To help train your naive bayes model, you will need to build a dictionary where the keys are a (word, label) tuple and the values are the corresponding frequency.  Note that the labels we'll use here are 1 for positive and 0 for negative.

A  `lookup()` helper function is here that `freqs` dictionary, a word, and a label (1 or 0) and returns the number of times that word and label tuple appears in the collection of tweets.

For example: given a list of tweets `["i am rather excited", "you are rather happy"]` and the label 1, the function will return a dictionary that contains the following key-value pairs:

{
    ("rather", 1): 2
    ("happi", 1) : 1
    ("excit", 1) : 1
}


#### Instructions
Create a function `count_tweets()` that takes a list of tweets as input, cleans all of them, and returns a dictionary.
- The key in the dictionary is a tuple containing the stemmed word and its class label, e.g. ("happi",1).
- The value the number of times this word appears in the given collection of tweets (an integer).

In [316]:
def count_tweets(result, tweets, ys):
    '''
    Input:
        tweets: a list of tweets
        ys: a list corresponding to the sentiment of each tweet (either 0 or 1)
    Output:
        result: a dictionary mapping each pair to its frequency
    '''
    # result = {}
    for tweet, y in zip(tweets, ys):
        for word in process_tweet(tweet):
            # define the key
            pair = (word,y) # ('happy', 1) key in dictionary
            # if the key exists in the dictionary, increment the count
            result[pair] = result.get(pair, 0) +1
    return result

In [317]:
# Testing your function
result = {}
tweets = ['i am happy', 'i am tricked', 'i am sad', 'i am tired', 'i am tired', ' I am so happy', 'I am not happy']
ys = [1, 0, 0, 0, 0, 1, 0]
count_tweets(result, tweets, ys)

{('happi', 0): 1,
 ('happi', 1): 2,
 ('sad', 0): 1,
 ('tire', 0): 2,
 ('trick', 0): 1}

Part 2: Training The Baysian Classifier
## Prior and Logprior

The prior probability represents the underlying probability in the target population that a tweet is positive versus negative.  In other words, if we had no specific information and blindly picked a tweet out of the population set, what is the probability that it will be positive versus that it will be negative?

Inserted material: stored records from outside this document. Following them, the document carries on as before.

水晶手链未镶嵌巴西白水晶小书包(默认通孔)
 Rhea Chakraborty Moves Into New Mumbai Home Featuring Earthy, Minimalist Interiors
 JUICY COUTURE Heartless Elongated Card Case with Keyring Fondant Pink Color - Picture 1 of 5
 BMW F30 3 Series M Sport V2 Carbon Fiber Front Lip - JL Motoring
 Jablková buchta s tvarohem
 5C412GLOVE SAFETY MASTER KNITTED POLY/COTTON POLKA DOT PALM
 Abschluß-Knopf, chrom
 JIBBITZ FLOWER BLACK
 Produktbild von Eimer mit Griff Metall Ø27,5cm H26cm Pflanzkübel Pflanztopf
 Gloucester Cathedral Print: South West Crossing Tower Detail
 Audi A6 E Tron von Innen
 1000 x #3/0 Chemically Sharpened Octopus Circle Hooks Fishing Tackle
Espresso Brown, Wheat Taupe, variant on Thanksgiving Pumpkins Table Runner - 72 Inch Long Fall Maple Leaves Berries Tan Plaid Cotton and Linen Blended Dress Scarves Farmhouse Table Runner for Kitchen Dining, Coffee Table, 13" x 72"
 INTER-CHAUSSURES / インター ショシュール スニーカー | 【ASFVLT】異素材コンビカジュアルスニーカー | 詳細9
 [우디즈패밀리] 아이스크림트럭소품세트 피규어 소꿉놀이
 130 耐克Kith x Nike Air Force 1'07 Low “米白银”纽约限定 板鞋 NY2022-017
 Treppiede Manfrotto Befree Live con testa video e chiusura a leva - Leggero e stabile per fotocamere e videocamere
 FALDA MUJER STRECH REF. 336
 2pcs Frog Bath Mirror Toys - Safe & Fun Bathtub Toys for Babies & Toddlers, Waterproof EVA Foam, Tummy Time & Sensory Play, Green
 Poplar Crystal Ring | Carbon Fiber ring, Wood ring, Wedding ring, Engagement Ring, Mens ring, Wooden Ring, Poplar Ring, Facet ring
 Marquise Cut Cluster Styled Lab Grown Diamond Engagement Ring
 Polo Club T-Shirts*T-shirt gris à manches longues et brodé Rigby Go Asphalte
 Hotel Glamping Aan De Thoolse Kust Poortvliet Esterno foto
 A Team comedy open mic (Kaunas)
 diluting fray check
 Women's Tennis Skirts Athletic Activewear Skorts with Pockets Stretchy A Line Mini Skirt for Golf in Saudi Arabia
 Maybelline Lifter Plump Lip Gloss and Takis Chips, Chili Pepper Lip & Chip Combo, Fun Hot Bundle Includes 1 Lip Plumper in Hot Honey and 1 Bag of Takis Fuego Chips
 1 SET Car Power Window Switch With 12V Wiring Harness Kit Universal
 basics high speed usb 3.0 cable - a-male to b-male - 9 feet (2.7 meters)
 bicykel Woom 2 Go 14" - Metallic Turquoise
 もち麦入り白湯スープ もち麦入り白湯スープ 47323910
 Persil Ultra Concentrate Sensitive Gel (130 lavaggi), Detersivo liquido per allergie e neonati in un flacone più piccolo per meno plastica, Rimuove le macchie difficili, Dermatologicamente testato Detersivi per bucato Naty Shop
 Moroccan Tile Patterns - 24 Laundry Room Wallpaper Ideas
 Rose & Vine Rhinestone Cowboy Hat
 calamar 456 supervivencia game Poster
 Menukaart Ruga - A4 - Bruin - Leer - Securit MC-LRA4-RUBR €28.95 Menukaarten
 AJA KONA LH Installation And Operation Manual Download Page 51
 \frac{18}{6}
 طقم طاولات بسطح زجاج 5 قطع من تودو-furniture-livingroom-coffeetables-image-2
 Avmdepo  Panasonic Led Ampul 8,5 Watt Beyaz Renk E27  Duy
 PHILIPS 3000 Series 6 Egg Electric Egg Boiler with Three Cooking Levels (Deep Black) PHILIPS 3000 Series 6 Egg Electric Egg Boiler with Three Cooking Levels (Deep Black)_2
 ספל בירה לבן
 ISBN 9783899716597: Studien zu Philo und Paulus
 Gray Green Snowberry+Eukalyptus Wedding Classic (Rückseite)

That is the "prior".

The prior is the ratio of the probabilities $\frac{P(D_{pos})}{P(D_{neg})}$.
We can take the log of the prior to rescale it, and we'll call this the logprior

$$\text{logprior} = log \left( \frac{P(D_{pos})}{P(D_{neg})} \right) = log \left( \frac{D_{pos}}{D_{neg}} \right)$$.

Note that $log(\frac{A}{B})$ is the same as $log(A) - log(B)$.  So the logprior can also be calculated as the difference between two logs:

$$\text{logprior} = \log (P(D_{pos})) - \log (P(D_{neg})) = \log (D_{pos}) - \log (D_{neg})\tag{3}$$

## Positive and Negative Probability of a Word
To compute the positive probability and the negative probability for a specific word in the vocabulary, we'll use the following inputs:

- $freq_{pos}$ and $freq_{neg}$ are the frequencies of that specific word in the positive or negative class. In other words, the positive frequency of a word is the number of times the word is counted with the label of 1.
- $N_{pos}$ and $N_{neg}$ are the total number of positive and negative words for all documents (for all tweets), respectively.
- $V$ is the number of unique words in the entire set of documents, for all classes, whether positive or negative.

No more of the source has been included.